-------- Records shown
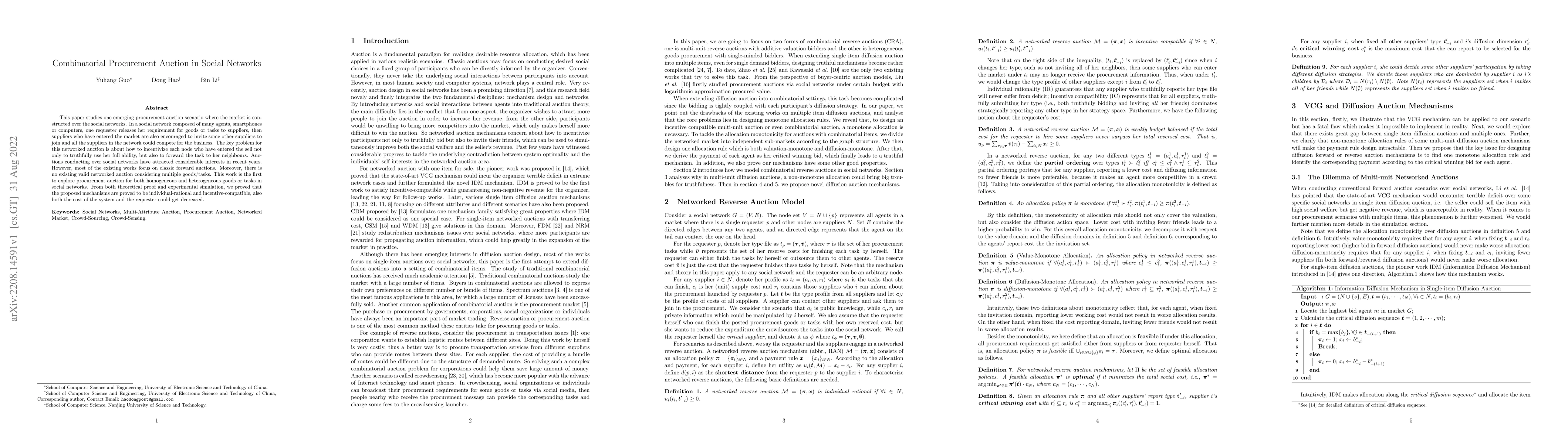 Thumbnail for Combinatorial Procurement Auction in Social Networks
----------------
-------- Records shown
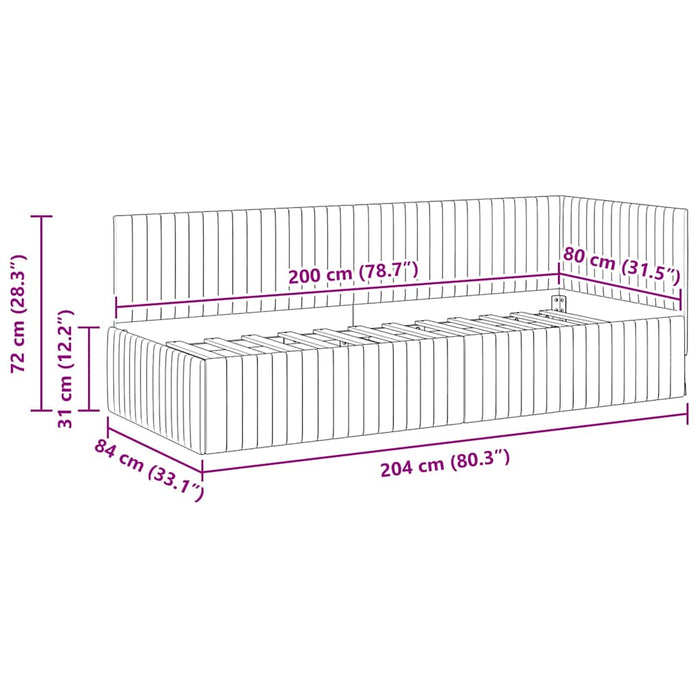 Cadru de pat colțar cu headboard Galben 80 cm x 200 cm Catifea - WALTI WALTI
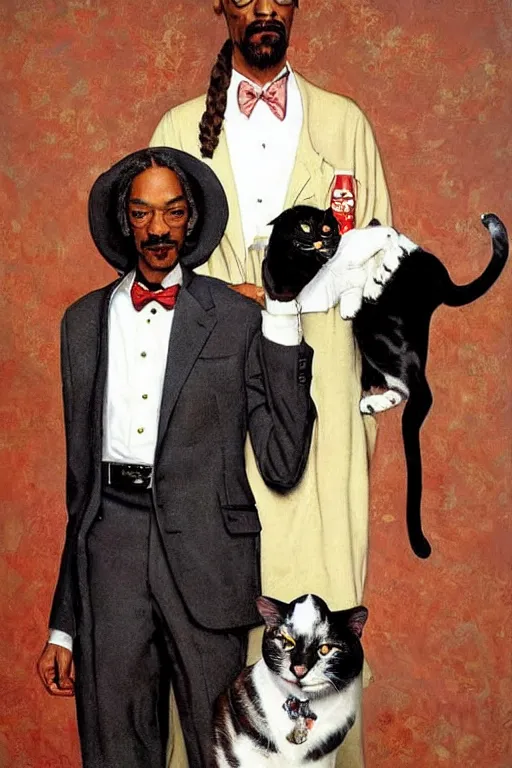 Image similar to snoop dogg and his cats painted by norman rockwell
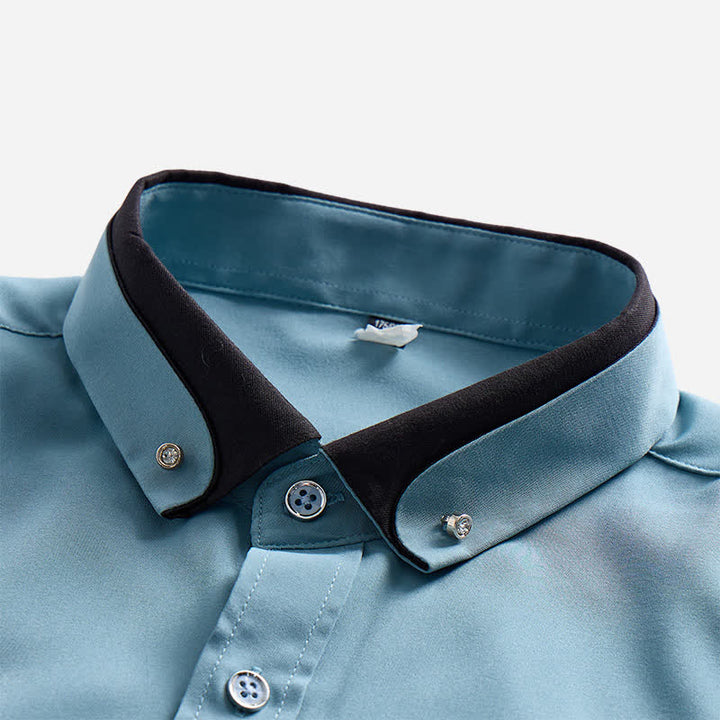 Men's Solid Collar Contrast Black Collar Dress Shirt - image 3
----------------
-------- Records shown
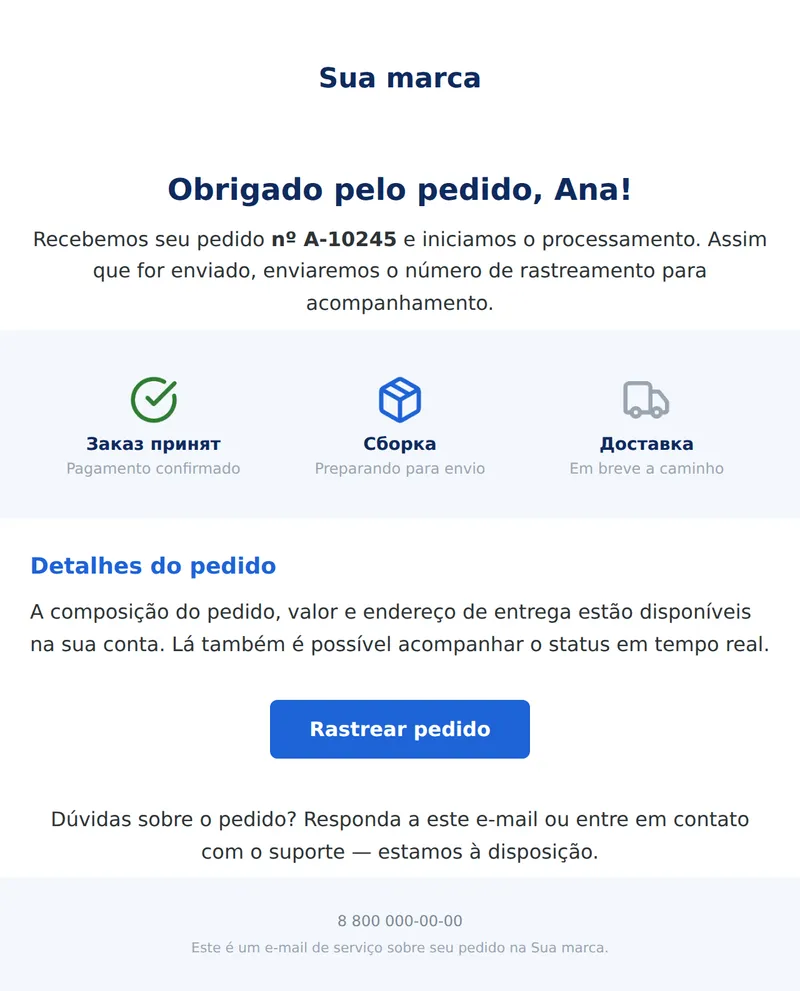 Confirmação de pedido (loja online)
----------------
** What is expected **
Retype only the lines above from the one with "Image similar to" through the one with "Men's Solid Collar", exactly and with both ends. Images stay out.

** The completed task **
 Image similar to snoop dogg and his cats painted by norman rockwell
 Men's Solid Collar Contrast Black Collar Dress Shirt - image 3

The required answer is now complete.